Inclusivity has two components: access and participatory parity. First, consultations should be accessible to anyone with relevant knowledge about a policy area and/or potentially affected by a policy. Second, consultation participants need the resources to participate and to be respected as a valued contributor. The political theorist, Nancy Fraser (Fraser and Honneth, 2003: 36), uses the term ‘participatory parity’ to refer to the resources and respect required to participate meaningfully.
Well-informed consultations have two components. First, they should be based on wide-ranging and rigorous evidence about the policy area. Second, they should be based on mutual understanding with opportunities for stakeholders to reflect on each others' views as well as their own position, in order to develop thoughtful contributions.
Equitable consultations ensure influence and balance. Consultations should offer stakeholders a genuine opportunity to influence policy outcomes; all contributions to the consultation should be treated as equally important, with no participants favoured over others; and there should be a willingness to negotiate and reach compromises where agreement is not possible.
Two components contribute to being accountable. There should be transparency about key aspects of the consultation process to allow scrutiny by stakeholders. Participants should also have access to justifications from other stakeholders to explain the positions they adopt, and from decision-makers, who should justify the process and outcomes of the consultation by showing how contributions were considered and balanced, decisions made and final outcomes arrived at.
The principles are what Mansbridge calls ‘regulative ideals’ (Mansbridge et al., 2010): aspirations to aim towards and benchmarks that can be used to evaluate consultations. They also reflect different aspects of deliberation, and will therefore reinforce the deliberative quality of consultations.
The principles are all important, but the relationships between them can be complex.

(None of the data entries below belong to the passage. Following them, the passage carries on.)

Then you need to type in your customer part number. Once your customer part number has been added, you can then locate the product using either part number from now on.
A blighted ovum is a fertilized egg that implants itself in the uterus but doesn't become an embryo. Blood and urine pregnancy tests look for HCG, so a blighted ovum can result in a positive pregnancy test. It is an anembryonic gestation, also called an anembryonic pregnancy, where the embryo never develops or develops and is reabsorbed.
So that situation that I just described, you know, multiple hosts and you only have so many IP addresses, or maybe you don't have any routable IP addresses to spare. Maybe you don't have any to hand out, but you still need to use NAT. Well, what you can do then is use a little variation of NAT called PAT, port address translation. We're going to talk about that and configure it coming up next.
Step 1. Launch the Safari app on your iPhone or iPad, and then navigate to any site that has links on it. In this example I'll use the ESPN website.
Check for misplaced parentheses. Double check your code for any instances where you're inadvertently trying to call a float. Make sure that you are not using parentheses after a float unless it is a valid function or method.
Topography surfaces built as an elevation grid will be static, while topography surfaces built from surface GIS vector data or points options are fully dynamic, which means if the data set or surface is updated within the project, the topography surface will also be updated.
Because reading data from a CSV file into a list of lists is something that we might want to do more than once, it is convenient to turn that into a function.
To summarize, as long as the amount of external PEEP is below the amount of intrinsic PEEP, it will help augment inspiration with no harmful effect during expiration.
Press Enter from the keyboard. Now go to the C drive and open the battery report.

In some cases, they may overlap and be mutually reinforcing – realizing one principle helps to realize another. In other cases, they may be in tension with each other. For example, participatory parity, helps to achieve balance because it ensures a wide range of views is included in a consultation. On the other hand, creating more transparency may reduce stakeholders' willingness to be honest about their negotiating position, and thereby reduce the potential for compromise.

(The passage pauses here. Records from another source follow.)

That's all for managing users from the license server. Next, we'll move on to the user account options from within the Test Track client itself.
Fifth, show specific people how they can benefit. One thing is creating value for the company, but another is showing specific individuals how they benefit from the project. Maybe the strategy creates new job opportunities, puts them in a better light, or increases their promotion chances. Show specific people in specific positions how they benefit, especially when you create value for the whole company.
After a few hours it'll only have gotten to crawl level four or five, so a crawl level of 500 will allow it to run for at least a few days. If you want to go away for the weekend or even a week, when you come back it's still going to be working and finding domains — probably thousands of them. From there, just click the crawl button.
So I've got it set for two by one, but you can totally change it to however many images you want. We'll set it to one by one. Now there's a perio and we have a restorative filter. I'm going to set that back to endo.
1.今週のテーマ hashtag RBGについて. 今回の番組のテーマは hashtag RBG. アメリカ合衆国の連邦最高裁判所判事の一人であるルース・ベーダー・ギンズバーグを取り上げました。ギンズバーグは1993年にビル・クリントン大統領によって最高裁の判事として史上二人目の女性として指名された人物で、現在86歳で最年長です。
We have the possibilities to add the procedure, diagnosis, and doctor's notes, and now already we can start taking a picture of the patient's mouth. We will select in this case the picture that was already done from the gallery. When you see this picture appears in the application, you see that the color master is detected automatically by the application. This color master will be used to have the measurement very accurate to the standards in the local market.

Some consultation methods or practices will contribute to achieving some principles better than others. For example, an email campaign coordinated by an advocacy group may be inclusive, but it may not promote mutual understanding or be based on robust evidence.
Ideally, the principles would be balanced so one principle is not realized at the expense of another, and a consultation would use the combination of methods that ensures the overall system reflects each principle as closely as possible.
Cabinet Office. (2018). Consultation Principles 2018. London Cabinet Office. Retrieved from: https://assets.publishing.service.gov.uk/government/uploads/system/uploads/attachment_data/file/691383/Consultation_Principles__1_.pdf
Fraser, N., & Honneth, A. (2003). Redistribution or recognition? A political-philosophical exchange. London: Verso.
Mansbridge, J., Bohman, J., Chambers, S., Christiano, T., Fung, A., Parkinson, J., . . . Warren, M. (2012). A systemic approach to deliberative democracy. In J. Parkinson & J. Mansbridge (Eds.), Deliberative systems: deliberative democracy at the large scale (pp. 1-26). Cambridge: Cambridge University Press.
Mansbridge, J., Bohman, J., Chambers, S., Estlund, D., Follesdal, A., Fung, A., . . . Martí, J.-L. (2010). The place of self-interest and the role of power in deliberative democracy. The Journal of Political Philosophy, 18(1), 64-100.